Ask any owner of a five-engineer plumbing, electrical or HVAC business where their margin actually goes, and they will list labour, fuel, insurance, finance, and "I don't know, the merchant". That last one is the problem. Materials should sit at roughly 20 to 30 percent of revenue on most service jobs. When it climbs to 35 percent without anyone noticing, you have a van stock problem. You just cannot see it because nothing tracks it.
The pattern is the same in nearly every business I look at. Engineer one buys two boilers worth of fittings on Monday. Engineer two pulls from his van for a swap on Wednesday and orders his own. Engineer three is now running on whatever has fallen out of the original ten boxes. Nobody knows where the four pumps you bought last quarter actually are. Three of them get scrapped because the box is split and nobody trusts them anymore.
None of this is a software problem. It starts as a physical problem and a discipline problem, and software only helps once the physical and the discipline are in place. This guide walks you through both, in order.
What untracked stock actually costs (with real numbers)
The figures most owners quote are guesswork. Here is what the public data and our own client work consistently shows for UK trades businesses with five to fifteen engineers.
Untracked van stock costs roughly £400 to £1,000 per van per year in pure shrinkage. That is parts written off, lost, damaged in transit, or bought twice because the first one could not be found. For a five-van team that is the £2,000 to £5,000 in the brief. It is not catastrophic on its own, but it is pure margin, and it grows year on year if you ignore it.
The bigger number is wasted time. Filplastic surveyed 168 UK tradespeople and found 55 percent waste between 30 minutes and an hour every working day searching for tools and parts in their vans. Their MD, Paul Taylor, put it plainly: "There's a lot of different tools, fixtures and fittings that tradespeople must store in their vans for every eventuality, but keeping everything tidy is difficult when you're driving around or rummaging for the item you specifically require." Applied to a five-engineer team on £498 a week each, that is roughly £8,000 to £16,000 a year in productive hours lost to disorganisation alone.

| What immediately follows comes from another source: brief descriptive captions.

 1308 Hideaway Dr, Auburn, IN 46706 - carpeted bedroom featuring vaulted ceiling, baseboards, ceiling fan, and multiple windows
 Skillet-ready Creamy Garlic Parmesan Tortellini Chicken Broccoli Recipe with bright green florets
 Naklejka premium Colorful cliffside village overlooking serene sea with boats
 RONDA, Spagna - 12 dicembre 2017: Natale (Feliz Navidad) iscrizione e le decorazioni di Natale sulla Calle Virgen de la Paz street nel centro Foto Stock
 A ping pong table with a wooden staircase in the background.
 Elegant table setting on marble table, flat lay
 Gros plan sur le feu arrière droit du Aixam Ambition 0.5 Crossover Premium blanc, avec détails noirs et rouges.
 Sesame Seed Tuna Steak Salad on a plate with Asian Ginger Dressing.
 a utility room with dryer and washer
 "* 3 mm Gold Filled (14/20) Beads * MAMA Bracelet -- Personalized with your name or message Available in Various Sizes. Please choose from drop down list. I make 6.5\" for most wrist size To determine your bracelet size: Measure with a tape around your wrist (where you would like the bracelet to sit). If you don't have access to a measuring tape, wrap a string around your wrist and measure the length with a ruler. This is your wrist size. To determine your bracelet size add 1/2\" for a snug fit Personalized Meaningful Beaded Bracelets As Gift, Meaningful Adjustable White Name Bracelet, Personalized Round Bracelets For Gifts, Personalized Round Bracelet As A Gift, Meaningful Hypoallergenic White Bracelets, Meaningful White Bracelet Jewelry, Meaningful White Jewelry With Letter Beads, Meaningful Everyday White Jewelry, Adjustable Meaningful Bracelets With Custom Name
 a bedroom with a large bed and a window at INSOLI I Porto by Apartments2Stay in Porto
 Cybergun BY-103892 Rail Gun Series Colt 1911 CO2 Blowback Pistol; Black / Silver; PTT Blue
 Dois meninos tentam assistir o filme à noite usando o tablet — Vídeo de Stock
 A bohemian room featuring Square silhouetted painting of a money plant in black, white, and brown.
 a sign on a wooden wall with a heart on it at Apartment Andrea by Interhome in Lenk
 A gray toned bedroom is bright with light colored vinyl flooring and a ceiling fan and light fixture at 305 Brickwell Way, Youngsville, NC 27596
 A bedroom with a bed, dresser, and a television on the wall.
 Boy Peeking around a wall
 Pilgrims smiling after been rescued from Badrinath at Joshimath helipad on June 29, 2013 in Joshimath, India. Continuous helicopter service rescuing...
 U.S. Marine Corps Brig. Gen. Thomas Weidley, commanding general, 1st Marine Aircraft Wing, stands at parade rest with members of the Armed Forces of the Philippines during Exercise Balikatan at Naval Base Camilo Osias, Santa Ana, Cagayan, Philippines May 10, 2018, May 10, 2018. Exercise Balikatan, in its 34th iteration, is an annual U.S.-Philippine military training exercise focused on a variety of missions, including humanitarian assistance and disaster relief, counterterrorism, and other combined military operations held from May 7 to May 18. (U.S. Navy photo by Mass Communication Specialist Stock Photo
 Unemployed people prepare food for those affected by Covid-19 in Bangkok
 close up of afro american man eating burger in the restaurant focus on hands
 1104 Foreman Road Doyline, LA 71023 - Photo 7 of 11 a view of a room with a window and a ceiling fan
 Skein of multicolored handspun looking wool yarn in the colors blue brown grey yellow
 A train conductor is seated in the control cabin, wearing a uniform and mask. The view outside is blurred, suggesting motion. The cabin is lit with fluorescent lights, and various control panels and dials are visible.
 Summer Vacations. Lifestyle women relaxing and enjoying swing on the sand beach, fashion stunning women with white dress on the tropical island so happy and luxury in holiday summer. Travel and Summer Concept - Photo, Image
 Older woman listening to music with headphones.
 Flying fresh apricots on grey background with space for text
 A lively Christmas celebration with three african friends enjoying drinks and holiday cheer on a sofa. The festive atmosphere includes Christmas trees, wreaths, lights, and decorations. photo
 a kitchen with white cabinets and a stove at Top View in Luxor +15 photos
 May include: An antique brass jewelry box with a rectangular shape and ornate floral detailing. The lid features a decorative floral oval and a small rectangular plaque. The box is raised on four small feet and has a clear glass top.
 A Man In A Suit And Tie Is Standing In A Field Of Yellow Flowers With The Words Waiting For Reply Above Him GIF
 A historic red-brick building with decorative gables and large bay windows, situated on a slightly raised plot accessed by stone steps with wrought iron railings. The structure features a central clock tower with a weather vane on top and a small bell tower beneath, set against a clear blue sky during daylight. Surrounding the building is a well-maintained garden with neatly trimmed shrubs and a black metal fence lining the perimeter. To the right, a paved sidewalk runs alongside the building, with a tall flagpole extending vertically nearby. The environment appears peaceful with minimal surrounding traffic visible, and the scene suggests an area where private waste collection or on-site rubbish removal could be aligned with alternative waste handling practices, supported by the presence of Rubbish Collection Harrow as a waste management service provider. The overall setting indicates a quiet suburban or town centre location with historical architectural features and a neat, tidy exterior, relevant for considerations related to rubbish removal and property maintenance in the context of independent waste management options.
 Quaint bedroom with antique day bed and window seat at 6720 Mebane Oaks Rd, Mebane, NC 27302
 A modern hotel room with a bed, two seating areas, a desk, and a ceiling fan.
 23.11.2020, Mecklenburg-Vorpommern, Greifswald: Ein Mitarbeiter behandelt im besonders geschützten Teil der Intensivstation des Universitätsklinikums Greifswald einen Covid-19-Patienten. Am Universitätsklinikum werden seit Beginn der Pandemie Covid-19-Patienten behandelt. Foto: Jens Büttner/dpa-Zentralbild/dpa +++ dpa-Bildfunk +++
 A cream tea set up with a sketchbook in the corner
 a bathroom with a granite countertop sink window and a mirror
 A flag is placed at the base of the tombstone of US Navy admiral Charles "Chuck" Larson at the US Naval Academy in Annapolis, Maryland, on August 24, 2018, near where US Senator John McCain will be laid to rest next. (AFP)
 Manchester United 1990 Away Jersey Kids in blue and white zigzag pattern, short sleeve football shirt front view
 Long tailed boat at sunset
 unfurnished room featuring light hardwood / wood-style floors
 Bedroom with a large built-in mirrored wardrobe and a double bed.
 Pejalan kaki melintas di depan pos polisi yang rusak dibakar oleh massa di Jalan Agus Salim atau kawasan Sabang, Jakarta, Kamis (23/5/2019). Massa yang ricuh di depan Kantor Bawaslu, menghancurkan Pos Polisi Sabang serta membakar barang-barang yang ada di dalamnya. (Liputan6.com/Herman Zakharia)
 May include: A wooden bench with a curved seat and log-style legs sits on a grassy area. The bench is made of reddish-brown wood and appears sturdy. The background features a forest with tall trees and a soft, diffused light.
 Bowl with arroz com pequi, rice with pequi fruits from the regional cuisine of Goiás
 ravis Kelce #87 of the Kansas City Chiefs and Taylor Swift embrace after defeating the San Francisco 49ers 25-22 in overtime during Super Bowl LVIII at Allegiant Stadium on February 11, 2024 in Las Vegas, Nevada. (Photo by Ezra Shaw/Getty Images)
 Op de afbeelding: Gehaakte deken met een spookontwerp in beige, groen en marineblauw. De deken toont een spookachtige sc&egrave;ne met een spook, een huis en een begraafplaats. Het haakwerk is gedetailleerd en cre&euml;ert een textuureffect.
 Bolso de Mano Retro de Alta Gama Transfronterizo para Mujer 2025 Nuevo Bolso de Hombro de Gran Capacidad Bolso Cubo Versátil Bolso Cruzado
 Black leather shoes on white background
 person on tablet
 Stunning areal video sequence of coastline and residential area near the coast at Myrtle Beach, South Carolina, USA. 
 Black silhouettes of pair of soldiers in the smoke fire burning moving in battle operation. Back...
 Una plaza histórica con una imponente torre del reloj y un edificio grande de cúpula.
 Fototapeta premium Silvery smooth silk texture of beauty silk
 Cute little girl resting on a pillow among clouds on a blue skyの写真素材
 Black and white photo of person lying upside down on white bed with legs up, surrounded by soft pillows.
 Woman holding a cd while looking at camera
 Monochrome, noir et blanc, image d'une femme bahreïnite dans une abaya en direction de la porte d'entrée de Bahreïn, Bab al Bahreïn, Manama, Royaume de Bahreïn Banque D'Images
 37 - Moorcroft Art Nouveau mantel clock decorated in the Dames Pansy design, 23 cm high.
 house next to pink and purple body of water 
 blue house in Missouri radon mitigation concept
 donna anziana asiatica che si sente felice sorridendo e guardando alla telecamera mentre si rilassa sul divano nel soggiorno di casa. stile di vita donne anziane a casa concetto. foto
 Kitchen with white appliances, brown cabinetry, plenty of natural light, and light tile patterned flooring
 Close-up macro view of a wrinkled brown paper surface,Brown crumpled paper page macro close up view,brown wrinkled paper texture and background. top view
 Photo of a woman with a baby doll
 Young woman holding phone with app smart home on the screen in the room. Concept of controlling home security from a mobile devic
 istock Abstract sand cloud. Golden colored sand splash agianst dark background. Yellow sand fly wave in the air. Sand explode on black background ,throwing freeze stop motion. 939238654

Then there is the first-time fix rate, which is where the proper money lives. IBM and Aberdeen Group benchmarks put the industry average around 75 to 80 percent. The top quartile sits at 88 percent. The bottom sits at 63 percent. The gap is almost never about engineer skill. It is about whether the right parts were in the right van when the engineer left the depot. A 10 point swing in first-time fix on a five-engineer team is worth somewhere between £18,000 and £30,000 a year in recovered revenue, depending on average job value. That dwarfs the shrinkage number.
If you want a single sentence to take to your accountant: every percentage point of first-time fix is worth more than your entire annual van stock budget.
Step one: get the physical system right
Before any app, before any reorder algorithm, before you even open a spreadsheet, your physical system has to work. The single most common mistake I see is teams trying to fix the problem in software while the vans themselves are still chaos. It never works. The data in the system is only as good as the discipline in the van.
Every van needs the same layout. Not similar. Identical. Same racking, same labelled bins, same shelf for the same SKUs, same first-aid kit in the same place. When engineer two covers engineer three's job, they should be able to open the side door and know exactly where the 22mm compression elbows live. The cost of standardising racking across five vans is somewhere between £400 and £900 a van for a proper system from Bri-Stor, Bott, or System Edstrom. You will recover it inside six months on time saved alone.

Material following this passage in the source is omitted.